'''
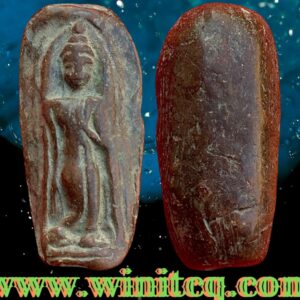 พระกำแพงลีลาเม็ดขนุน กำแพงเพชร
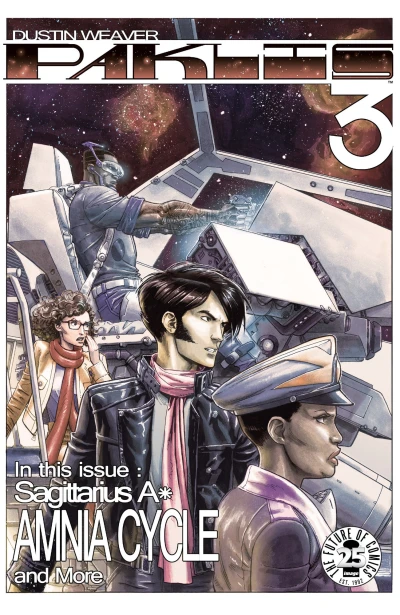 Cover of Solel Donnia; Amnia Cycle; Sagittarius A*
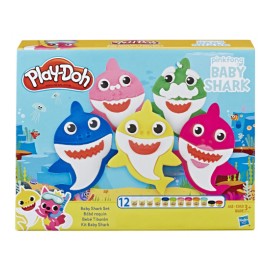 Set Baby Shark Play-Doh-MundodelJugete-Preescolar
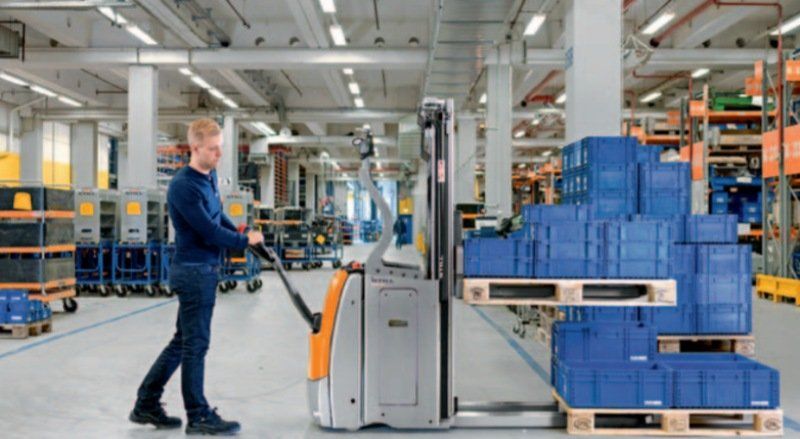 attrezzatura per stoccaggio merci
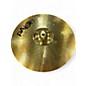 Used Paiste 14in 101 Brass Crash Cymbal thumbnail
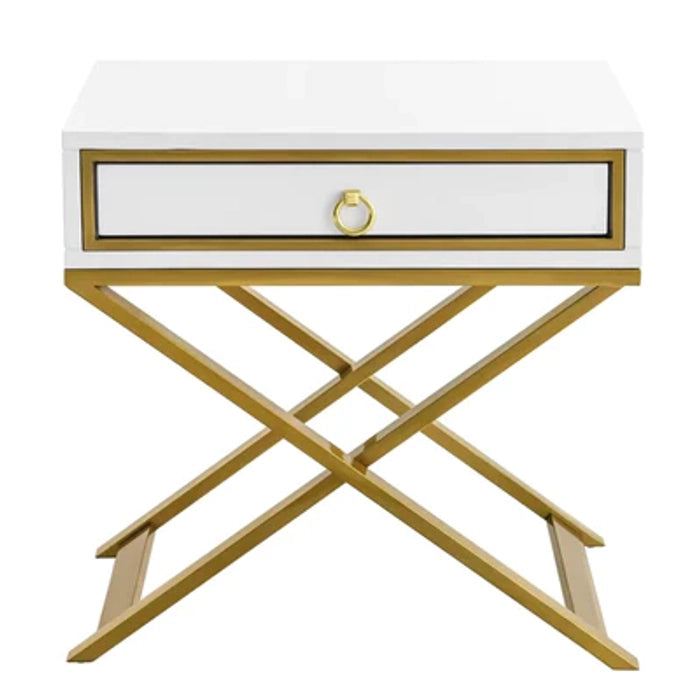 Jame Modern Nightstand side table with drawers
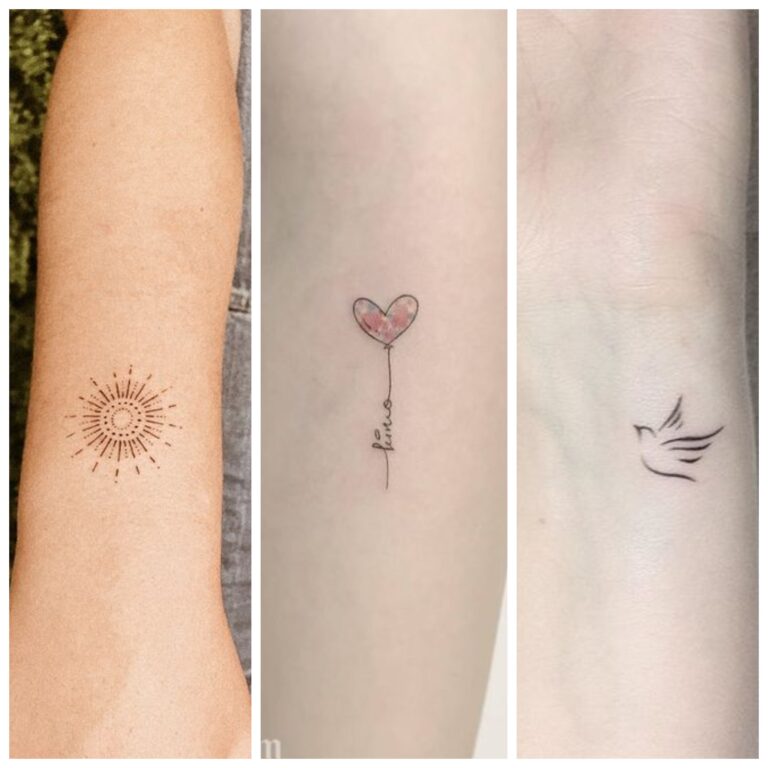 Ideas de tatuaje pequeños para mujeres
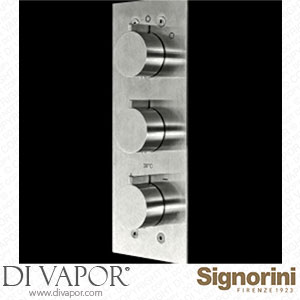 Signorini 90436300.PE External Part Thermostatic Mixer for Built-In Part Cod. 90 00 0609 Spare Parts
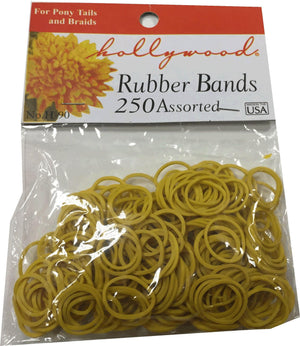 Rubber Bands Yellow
'''
*Work instruction*:
Would you write out an exact copy of the entries above, with no images?

*Task output*:
 พระกำแพงลีลาเม็ดขนุน กำแพงเพชร
 Cover of Solel Donnia; Amnia Cycle; Sagittarius A*
 Set Baby Shark Play-Doh-MundodelJugete-Preescolar
 attrezzatura per stoccaggio merci
 Used Paiste 14in 101 Brass Crash Cymbal thumbnail
 Jame Modern Nightstand side table with drawers
 Ideas de tatuaje pequeños para mujeres
 Signorini 90436300.PE External Part Thermostatic Mixer for Built-In Part Cod. 90 00 0609 Spare Parts
 Rubber Bands Yellow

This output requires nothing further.